Zorn was stunned as he watched tape from the opening weekend of XFL game telecasts. What he saw is the very reason why casual football fans who think they had their fill of football by the time Super Bowl LIV wound down might want to reconsider and give the XFL a look.

XFL coaches were live and worldwide on the opening weekend

The XFL, which has four games scheduled each weekend of the regular season, mimics the NFL by showing all of its games on TV. What’s radically different in the XFL telecasts is that ABC/ESPN and Fox are peeling back the curtain to let viewers see and hear the stuff they don’t get access to in NFL broadcasts.

There may not be great insight from in-game sideline interviews with winded players seconds after 60-yard interception returns, but fans get a treat by being allowed into the replay booth as off-field officials review plays to confirm or overturn calls on the field.

The audio captures the replay officials talking to the referee and even to themselves as they dissect the video. Viewers know exactly why a ruling was upheld or overturned, which they don’t get from NFL games in which the network’s own rules analysts are sometimes left guessing.

Best of all, though, is that XFL cameras and microphones are giving fans unprecedented access to the coaches, to levels that Jim Zorn did not realize.

XFL coach Jim Zorn thought he had seen it all by now

At 66 years old, Jim Zorn can be excused for thinking he had seen and done it all in pro football. The Seattle Dragons head coach and general manager went from undrafted quarterback in 1975 to a 13-season pro career, including nine seasons behind center with the Seattle Seahawks.

He moved right into college and professional coaching, including as head coach of the Washington Redskins a decade ago.  He came on board with the XFL after having been away from work on the sidelines since 2012.

Along the way, he learned to keep secrets.
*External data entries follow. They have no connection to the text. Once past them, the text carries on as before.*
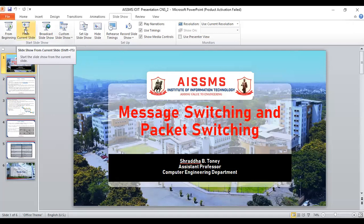Hello students. Today's topic is Message Switching and Packet Switching. Let us discuss what exactly is the meaning of Message Switching and Packet Switching.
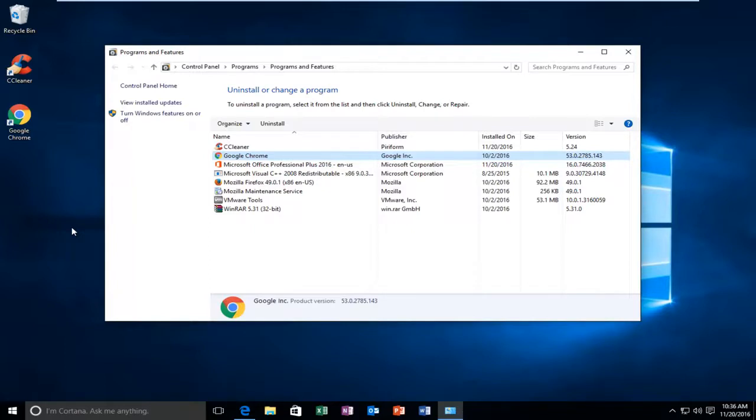And I know with a lot of the email linking that they've really been pushing for, it should make it a lot easier to reinstall Google Chrome. It shouldn't be that big of a deal, especially if you have your Gmail account linked to it.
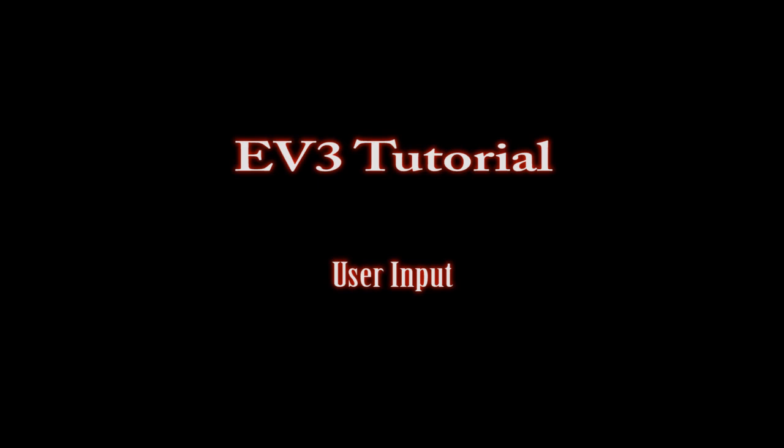Hey there, Dr. Dave here with a Mindstorms EV3 tutorial. Today we're going to be looking at getting input from the user into the device using buttons. I hope you enjoy.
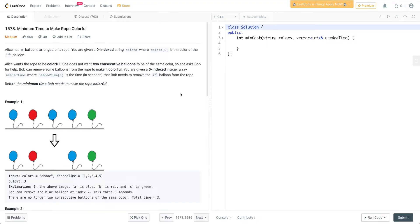Welcome to my YouTube channel. After a long time, I'm actually making a video on solving a LeetCode challenge. One of my friends had a doubt on how to approach this problem, and I gave it a thought and had an approach in mind, so I thought of making a video on it — coding it up and seeing whether my logic works or not. Let's get started.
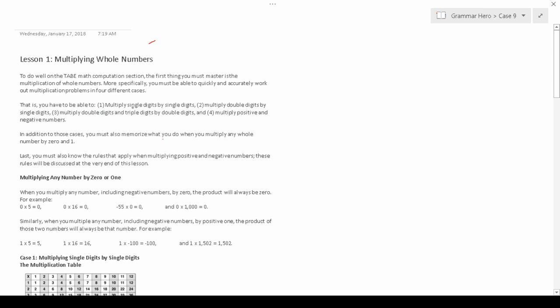The first case requires you to multiply single digits by single digits, like 5 times 4. The second case requires you to multiply double digits by single digits, like 10 times 3 or 15 times 7. The third case requires you to multiply double digits by double digits, like 57 times 57 or 230 times 57. The fourth case requires you to use the signs chart to multiply positive and negative numbers together.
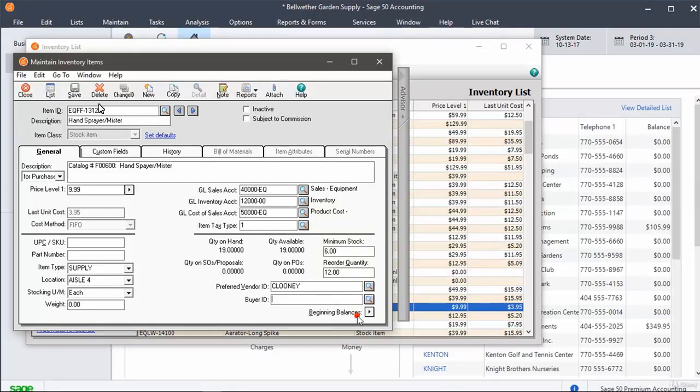Enter the SKU or UPC number to make any difference. Then, click the Save button to save the changes.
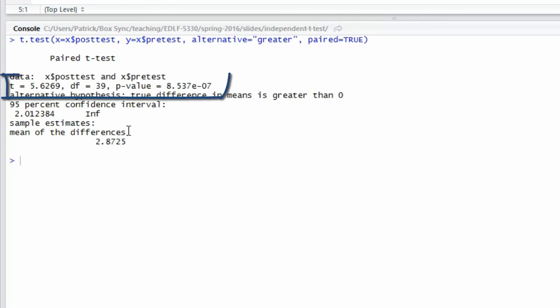The test statistic is 5.6269. It has 39 degrees of freedom and a p-value that is really small. The p-value is 8.537e to the negative seven. That e to the negative seven means move the decimal seven places to the left. That would be a number that's smaller than 0.001.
Copies of game plans were closely guarded, signals and play-calling methods were changed frequently during the season and practices were closed.
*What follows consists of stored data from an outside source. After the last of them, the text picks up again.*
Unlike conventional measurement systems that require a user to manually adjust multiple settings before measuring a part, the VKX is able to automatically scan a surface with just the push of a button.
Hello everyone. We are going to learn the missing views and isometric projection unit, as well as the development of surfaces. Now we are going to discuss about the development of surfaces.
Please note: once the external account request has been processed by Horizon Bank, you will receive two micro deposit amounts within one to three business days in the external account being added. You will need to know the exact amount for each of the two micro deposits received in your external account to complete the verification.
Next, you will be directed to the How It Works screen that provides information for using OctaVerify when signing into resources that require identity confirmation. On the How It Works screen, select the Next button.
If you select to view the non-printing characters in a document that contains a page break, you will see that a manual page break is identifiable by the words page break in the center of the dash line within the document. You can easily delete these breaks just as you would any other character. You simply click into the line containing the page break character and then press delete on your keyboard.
And then the XFL put a microphone on him and the other XFL coaches for opening weekend, letting viewers – and future opponents – learn everything about the playbook and what was about to happen on the field.
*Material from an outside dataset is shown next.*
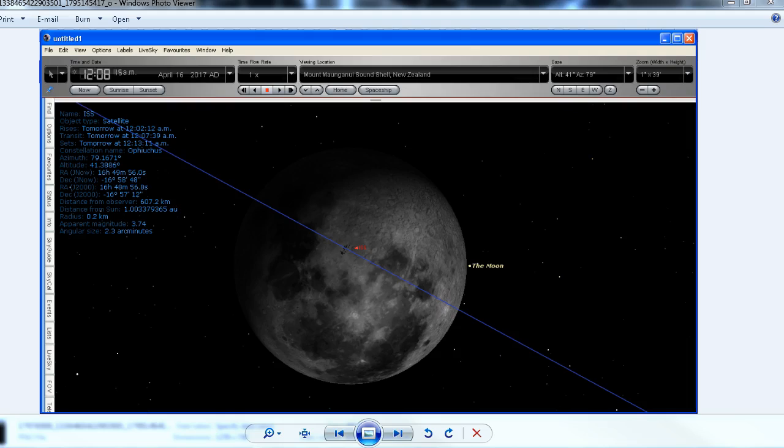I went out to Mt Maunganui and we set up before midnight. At 12:08 we were eagerly waiting to see the transit across the moon, and I saw nothing.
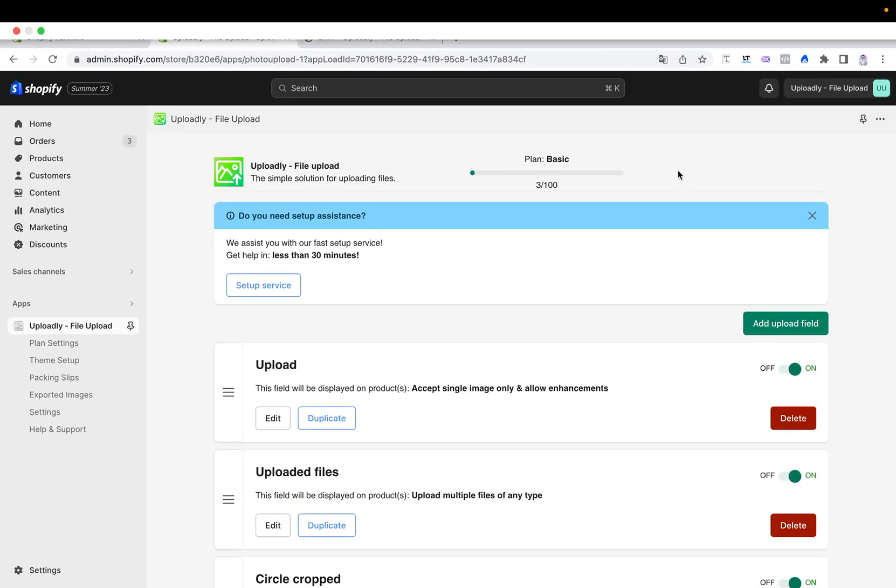Let's assume you want to switch your current Shopify theme or you have switched it already, and now you also have to do the theme setup so that your upload buttons can appear.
“I think it gave a fan a chance to hear and see something they’ve never heard before, but I felt very exposed. Information on a football team has to be guarded a little bit, so we just got it right out there. I know it had to be fun for everybody, but not super fun for me to reveal all that stuff. But I was glad I didn’t stutter or fumble the play calls.”

JIM ZORN

Other coaches concurred that they’ll have to be more cautious about what they say during games, but if cautious was what XFL executives wanted then they wouldn’t have dared to debut the league a week after the spectacle that is the Super Bowl.

NFL, college coaches go to great lengths to keep secrets

What was especially funny about Jim Zorn on opening weekend was that he could be seen covering his mouth so that no one on the other sideline could read his lips as he made play calls. All the while, the network microphones were picking up every word he uttered.

Zorn comes from the old-school, secretive culture in which head coaches and coordinators have always held the laminated play sheets over their mouths to foil lip-readers as part of the chess game within the football game.

It’s a back-forth battle in which teams have been known to go so far as to sign players recently released by others to gain insight into an upcoming opponent.

College and NFL coaches also employ video experts and stats analysts who break down the film of next week’s opponent to spot play-calling tendencies and substitution patterns that might tip them off to what’s coming in a particular situation.

Taking the spy vs. spy game a step further, many teams also employ quality control coaches whose primary responsibility it is to look at their own club’s game video to spot patterns that sharp-eyed opponents could exploit.